▸ Provided data
----

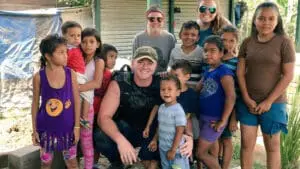 Group of smiling diverse children gathered with adults outdoors, appearing happy and healthy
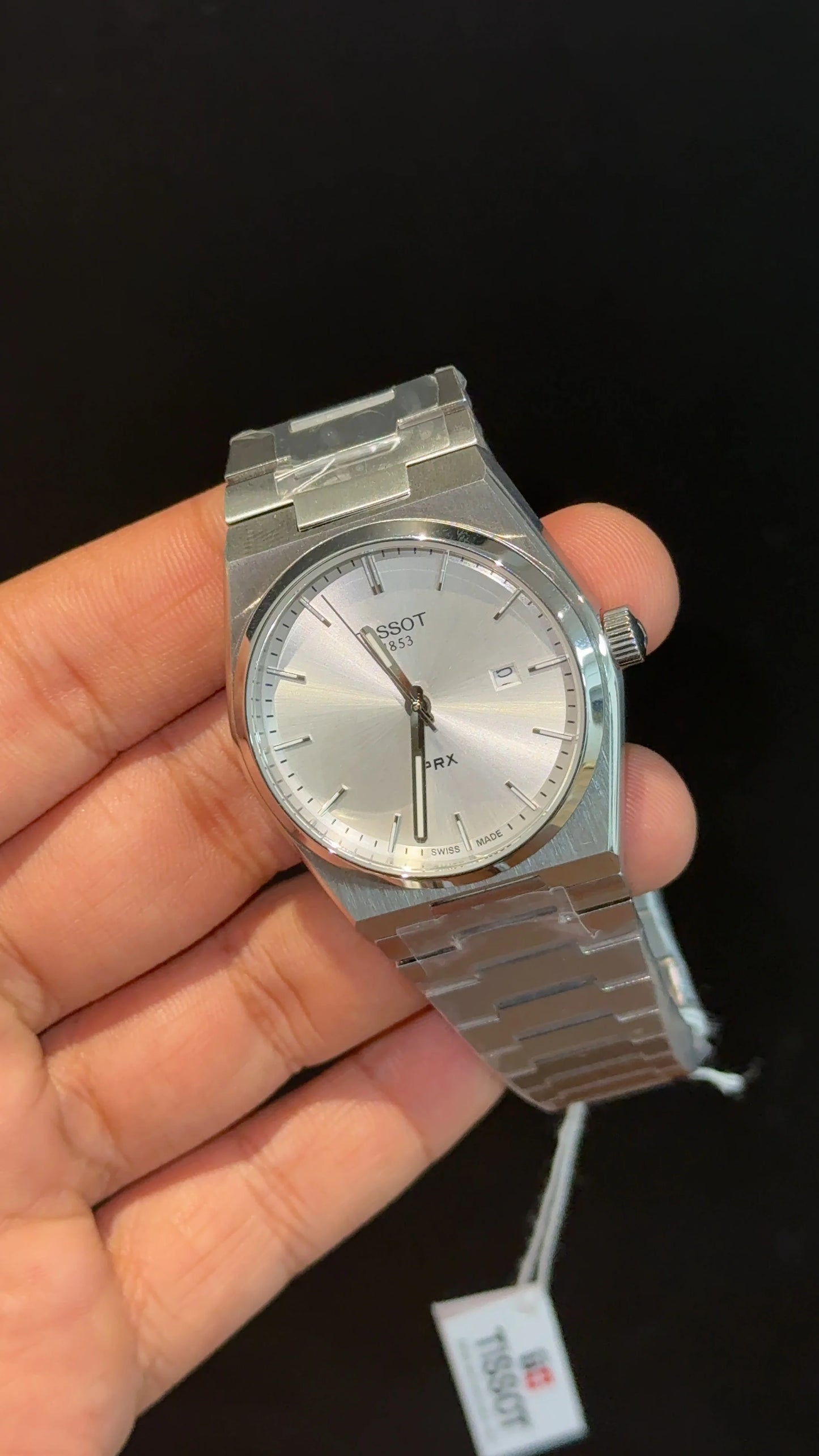Tissot PRX steel chain with white dial.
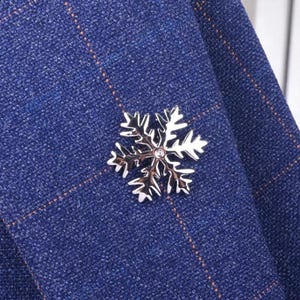 May include: A silver snowflake brooch with a small crystal center is pinned to a blue plaid jacket. The brooch has intricate details and a polished finish, adding a touch of winter elegance to the garment.
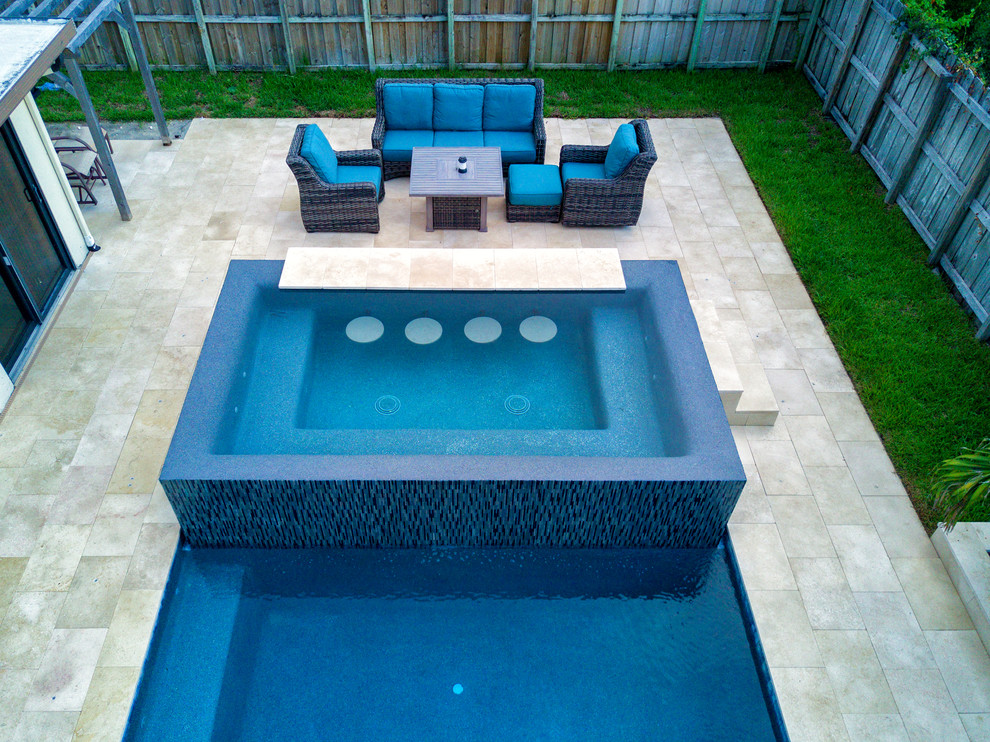 Design ideas for a mid-sized modern backyard custom-shaped infinity pool in Miami with a hot tub and natural stone pavers.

----

▸ What is required
What you need to copy is the run of lines from the one holding "May include: A" through the end of the data, exactly and only, both ends included, pictures omitted.

▸ Task answer
 May include: A silver snowflake brooch with a small crystal center is pinned to a blue plaid jacket. The brooch has intricate details and a polished finish, adding a touch of winter elegance to the garment.
 Design ideas for a mid-sized modern backyard custom-shaped infinity pool in Miami with a hot tub and natural stone pavers.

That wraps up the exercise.